- Born: John Henry Rowland Perkins II July 10, 1934 Los Angeles, California, U.S.
- Died: August 8, 2018 (aged 84) Sherman Oaks, California, U.S.
- Education: Beverly Hills High School
- Alma mater: University of California, Los Angeles
- Occupation: Talent agent
- Spouse: Sallie James Perkins (1932-2017) (her death)
- Children: 3

= Rowland Perkins =

American talent agent

Rowland Perkins (July 10, 1934 – August 8, 2018) was an American talent agent. He was a co-founder and the founding president of the Creative Artists Agency (CAA).

==Early life==
Rowland Perkins was born on July 10, 1934, in Los Angeles, California. He graduated from Beverly Hills High School. He served in the United States Navy for two years and attended the University of California in Los Angeles, where he earned a bachelor's degree in business administration.

==Career==
Perkins began his career at the William Morris Agency (WMA).

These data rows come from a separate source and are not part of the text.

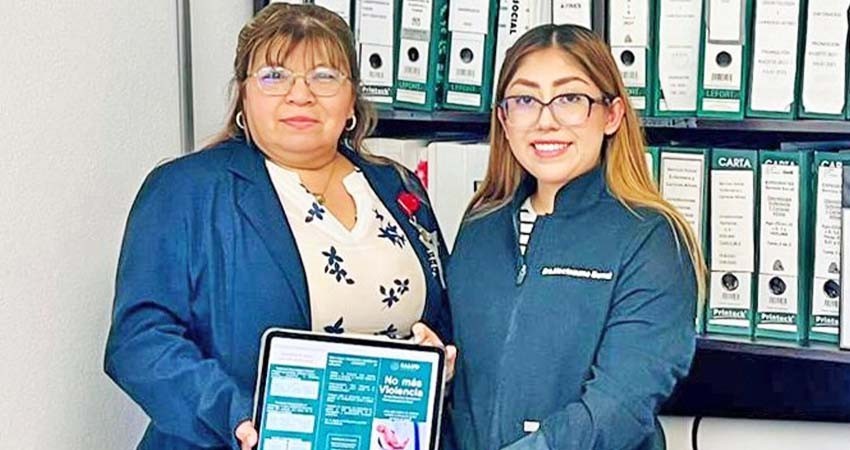 Presentan reglamento preventivo de violencia en recursos humanos en salud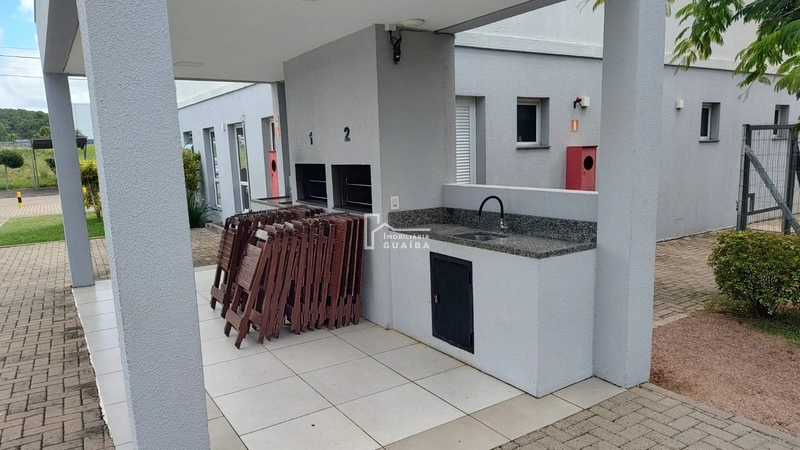 Apartamento em perfeitas condiões,nunca habitado: 5ª foto da galeria de imagens do imóvel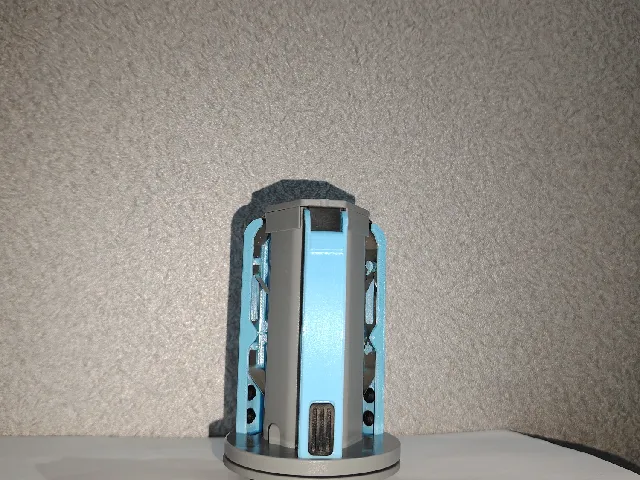 spool holder mod flashforge ad5x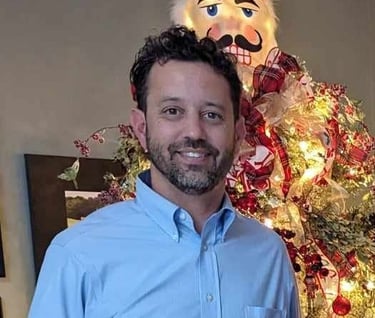 Founder and owner of c and r security solutions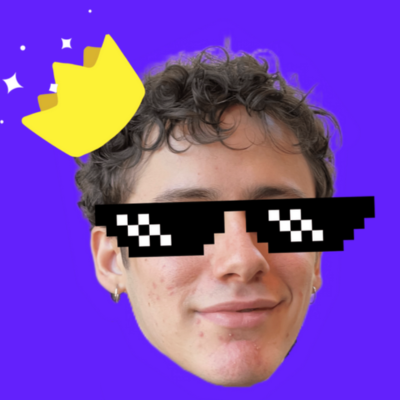 Jordan_Sauce_'s profile picture. Building the next crypto API infrastructure company @Bluvo_co.  Addicted entrepreneur 💉 Co-founder of: 🌊 https://t.co/skNCttPB8R 📚 1st exit at 24 🌐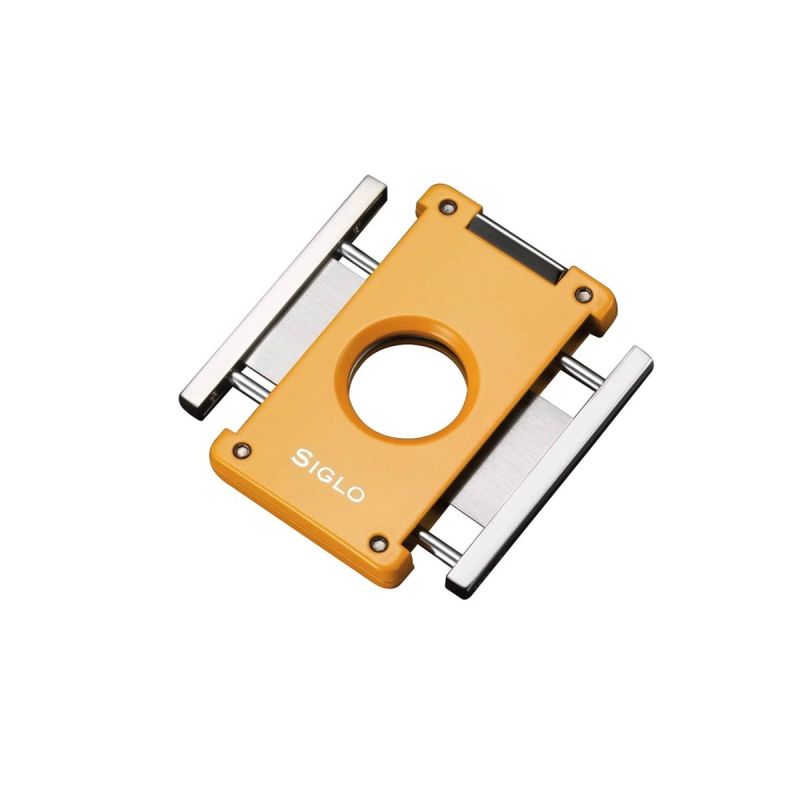 Siglo Switch Cutter Cohiba Yellow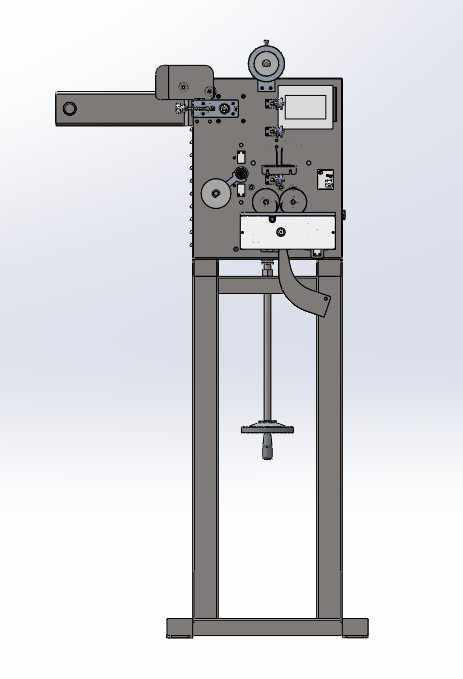 保鲜剂干燥剂投包机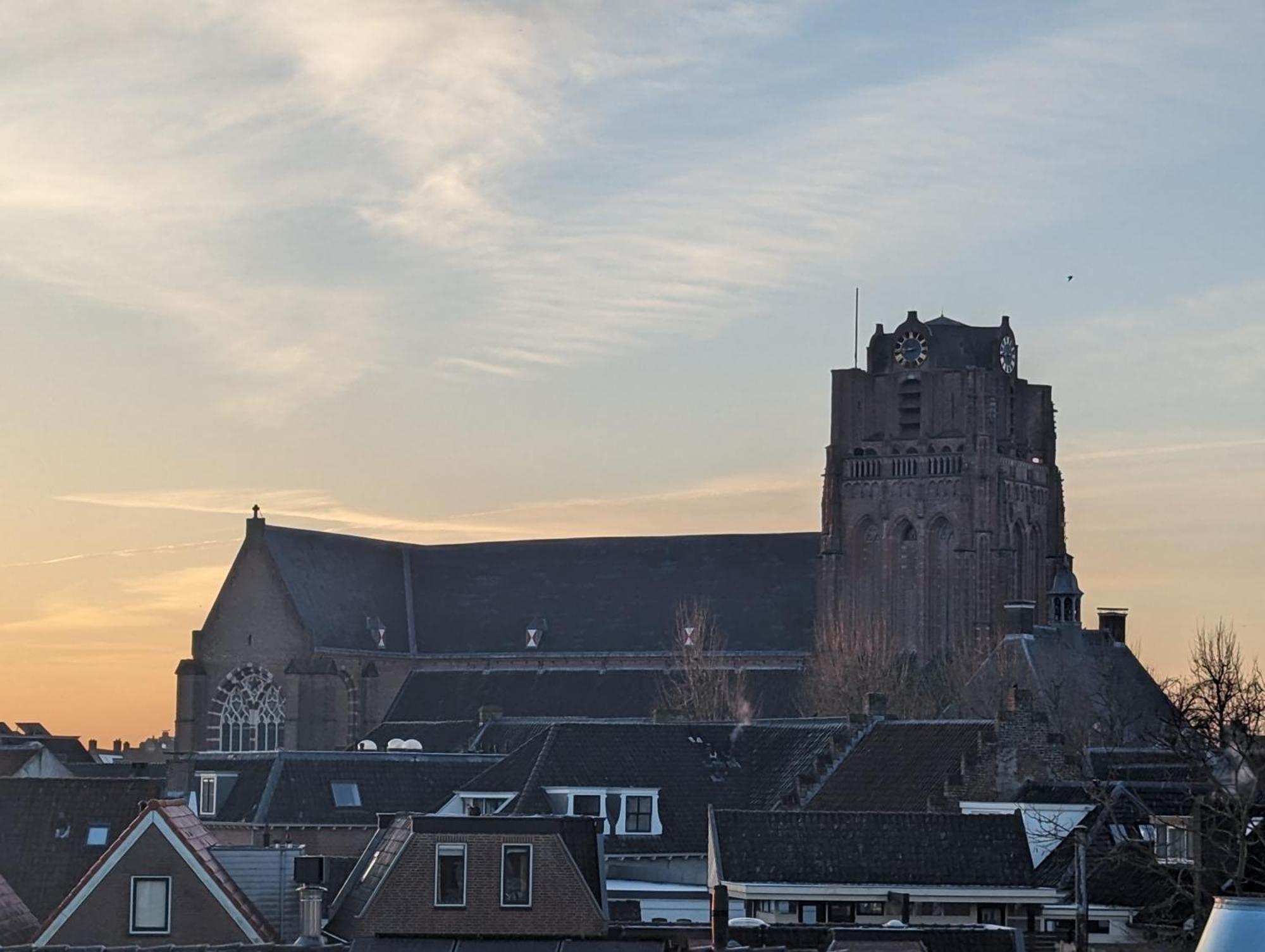 1851 Bar - Hotel - Cinema Wijk bij Duurstede Kültér fotó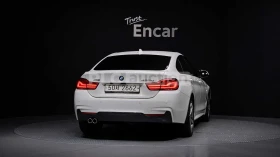 BMW 435 M Packet* следене на ленти* подгреви, снимка 4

Perkins co-founded Creative Artists Agency with Michael Ovitz, Ronald Meyer, William Haber and Michael S. Rosenfeld in 1975. He was its founding president. Perkins negotiated television productions for George Stevens Jr. He retired from CAA in 1993.

In 1995, Perkins founded the production company Double Eagle Entertainment. He served on the board of the Academy of Television Arts & Sciences.

==Personal life and death==
In 1960, Perkins married Diane Carol Smith whom he had met while they both attended UCLA. They had three daughters, Kamala, Dahra and Alexandra. They divorced in 1976. Perkins later married Sallie James Perkins, an actress, comedian and opera singer. His wife Sallie predeceased him in 2017.

He died of pneumonia on August 8, 2018, in Sherman Oaks, California, at age 84.